*WORK INSTRUCTION*: I would like the records restated word for word, without the pictures.
#### RECORDED DATA ####
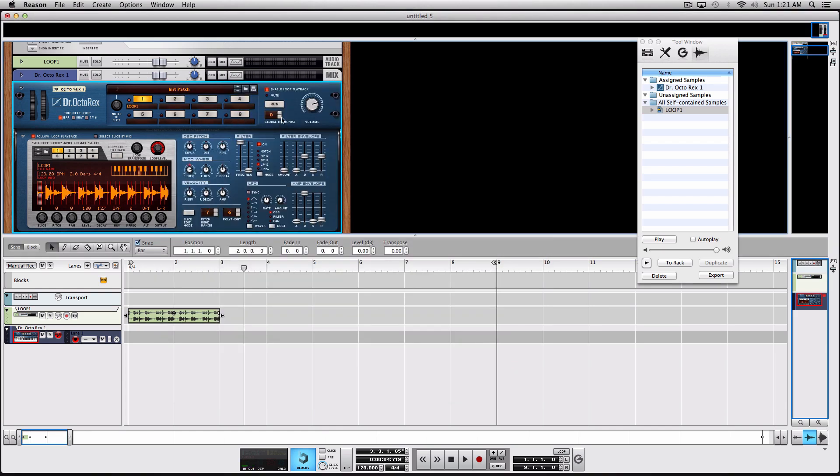Now that you've loaded your loop, you can tweak it in Dr. Octorex as you wish.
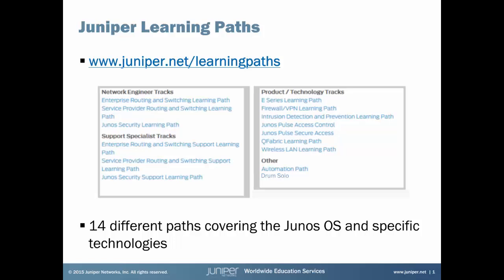Hi, this is James Sondrager here at Juniper Networks Education Services. Are you familiar with our learning paths? We offer 14 different paths covering the Junos OS and specific Juniper technologies. Each path shows the courses we offer and the relevant certifications in the order we suggest to maximize your learning. Just visit www.juniper.net/learningpaths to get started.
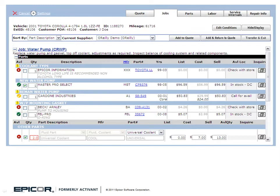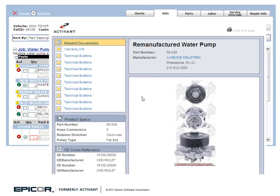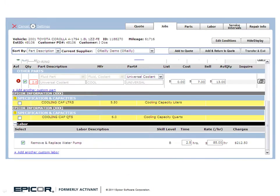Select the parts and labor needed to complete the repair. If you need to see additional information about a part, click the part number to view part details like a photo, product spec data, or OE cross-reference numbers. Click the Transfer and Exit button to post the items to your estimate. Now you're ready to order your parts from your shop management system.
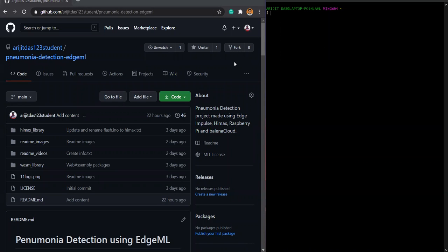Okay, so this is a video on how you can clone our repository and run our code, the pneumonia detection code on your HIMAX V1 board.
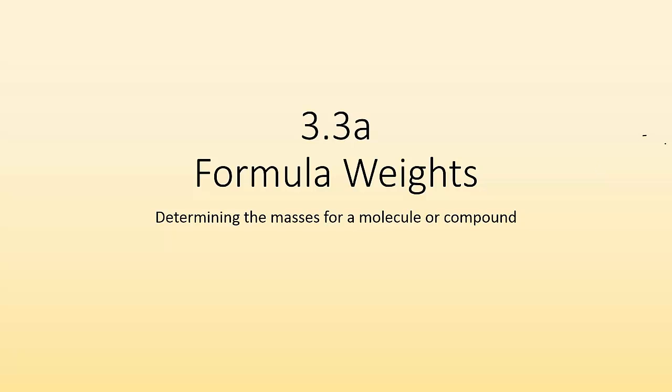How's it going, ladies and gentlemen? Mr. Donahue here again. This time we're going to take a look at formula weights and determining the masses for a molecule or a compound.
####
*ANSWER TO THE EXERCISE*:
Now that you've loaded your loop, you can tweak it in Dr. Octorex as you wish.
Hi, this is James Sondrager here at Juniper Networks Education Services. Are you familiar with our learning paths? We offer 14 different paths covering the Junos OS and specific Juniper technologies. Each path shows the courses we offer and the relevant certifications in the order we suggest to maximize your learning. Just visit www.juniper.net/learningpaths to get started.
Select the parts and labor needed to complete the repair. If you need to see additional information about a part, click the part number to view part details like a photo, product spec data, or OE cross-reference numbers. Click the Transfer and Exit button to post the items to your estimate. Now you're ready to order your parts from your shop management system.
Okay, so this is a video on how you can clone our repository and run our code, the pneumonia detection code on your HIMAX V1 board.
How's it going, ladies and gentlemen? Mr. Donahue here again. This time we're going to take a look at formula weights and determining the masses for a molecule or a compound.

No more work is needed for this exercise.